Mary’s family makes very little money, and the primary wage earner is her de facto son-in-law (let’s call him Bob) who I am friends with, and who is essentially supporting the entire family. The whole situation is a little messed up, as Mary’s son and daughter (whom Bob is involved with) are either earning minimum wage or not earning anything at all (as is also are Mary’s adult grandchildren), and it is up to Bob to make every decision, provide almost every dollar. In the end, it was Bob who had to make the call on removing Mary from life support, because her husband could not. I suspect this happens a lot more than I realize.
Mary was also uninsured, and as a result, Bob has has to pick up her funerary costs. At one point, he seethed to me that Mary’s kids have made demands on what kind of funeral Mary deserves but have so far made no effort to help pay for any of it. But at the same time, Bob’s anger is tinged with a sadness that Mary and her husband, in their later years, simply could not afford to insure themselves. I am not certain how common this scenario is, but you can see it coming a mile away: two elderly seniors living on fixed incomes for years without two spare nickels to rub together.
At the same time, I am reminded of those infamous LIMRA numbers from last year that pointed to the lowest rates of individual life insurance ownership since WWII (though more recently, those numbers have started to recover). The Great Recession has made it hard for a lot of people to keep their policies in force, and with some ominous rumblings that there might even be a double dip in the future, policy lapses might become an even bigger issue than they already are (especially as companies like Coventry and the rest of the life settlement industry appear to be on the rise once more, only too eager to capitalize on lapsed policies).

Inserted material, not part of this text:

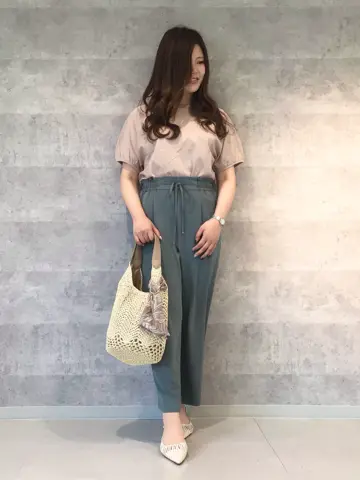 ANY SIS mami コーディネート画像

I had a conversation with an industry analyst last week as we discussed some possible story ideas we could develop together, and the concept of how the industry prices itself came up. So did the notion of a world without life agents whatsoever – where life insurance is commoditized to the point where an intermediary is unnecessary and where commissions are removed from the transaction altogether. In many ways, this seems like a natural evolution, even if it would spell disaster for the industry in the short term. After all, life insurers, and stock companies in particular, have largely given up on maintaining career or captive sales forces, and there are companies out there that have proven a direct sales strategy can work.